Monday, February 12, 2007

DAYDREAMING ROCKS!!!

I’m just really confused right now. It’s like feeling incomplete. The feeling of not knowing what to do or where to go and when to start and I know I shouldn’t be feeling this way but, how can you avoid it when your heart is a mess and your mind is in limbo? Even though my family is always there for me and they care a lot about me and wanted the best for me. I can still feel the pressure coming from that caring feeling. (Too much of anything can be devastating.)
Sometimes I wish I have an answer for everything. Most of the times I wish I was someone else.

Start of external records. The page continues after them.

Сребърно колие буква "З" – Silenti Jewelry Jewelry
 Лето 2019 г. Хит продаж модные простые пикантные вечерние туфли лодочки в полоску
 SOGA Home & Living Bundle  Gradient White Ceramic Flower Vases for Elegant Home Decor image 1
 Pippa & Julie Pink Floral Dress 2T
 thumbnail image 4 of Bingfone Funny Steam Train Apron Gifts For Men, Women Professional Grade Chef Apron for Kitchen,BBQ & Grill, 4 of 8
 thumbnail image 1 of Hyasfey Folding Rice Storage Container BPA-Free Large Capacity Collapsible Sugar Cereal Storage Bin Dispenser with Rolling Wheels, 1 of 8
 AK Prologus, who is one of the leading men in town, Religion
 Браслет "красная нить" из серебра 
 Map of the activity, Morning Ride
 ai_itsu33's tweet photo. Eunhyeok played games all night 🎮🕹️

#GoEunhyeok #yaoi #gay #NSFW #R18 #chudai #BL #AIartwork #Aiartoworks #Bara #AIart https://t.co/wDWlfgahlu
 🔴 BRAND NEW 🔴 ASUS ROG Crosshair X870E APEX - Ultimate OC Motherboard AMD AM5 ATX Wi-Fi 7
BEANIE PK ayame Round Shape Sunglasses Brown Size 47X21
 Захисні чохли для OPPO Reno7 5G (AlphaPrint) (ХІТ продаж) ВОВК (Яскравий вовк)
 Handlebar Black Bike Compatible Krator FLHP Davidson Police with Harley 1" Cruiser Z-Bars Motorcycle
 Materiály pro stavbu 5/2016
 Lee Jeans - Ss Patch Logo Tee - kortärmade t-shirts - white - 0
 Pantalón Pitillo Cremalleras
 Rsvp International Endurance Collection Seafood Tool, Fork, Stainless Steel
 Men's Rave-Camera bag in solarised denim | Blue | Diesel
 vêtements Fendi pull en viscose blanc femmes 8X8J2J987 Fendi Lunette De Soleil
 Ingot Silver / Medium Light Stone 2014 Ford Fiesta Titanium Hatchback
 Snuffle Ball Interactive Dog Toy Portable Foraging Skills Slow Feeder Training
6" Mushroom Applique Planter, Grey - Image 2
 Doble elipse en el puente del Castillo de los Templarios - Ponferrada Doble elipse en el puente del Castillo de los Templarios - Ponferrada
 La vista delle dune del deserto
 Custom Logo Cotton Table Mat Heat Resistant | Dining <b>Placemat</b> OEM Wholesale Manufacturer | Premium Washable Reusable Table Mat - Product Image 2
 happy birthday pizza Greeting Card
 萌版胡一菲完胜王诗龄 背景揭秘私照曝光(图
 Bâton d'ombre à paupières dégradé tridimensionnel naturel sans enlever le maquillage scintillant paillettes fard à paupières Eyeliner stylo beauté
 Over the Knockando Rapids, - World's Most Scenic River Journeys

Leaving in someone else’s life but then again, that’s not me, that’s simply something stupid and out of the ordinary. (Or possibly everybody wants something more than what they have in life.) I wish I know what to do in every freaking situation that I am in, that I’ll be in and that I might be in. I never expected my life to be this complicated and clueless in some ways. So much with planning and over thinking…
Though I know that action speaks louder than words (a cliché for most people I know) I still believe that there’s still hope, that there’s still a chance for me to change my life. Must ACT now. One of my good friends back in college told me, “Choose your future now, before your future chooses you.”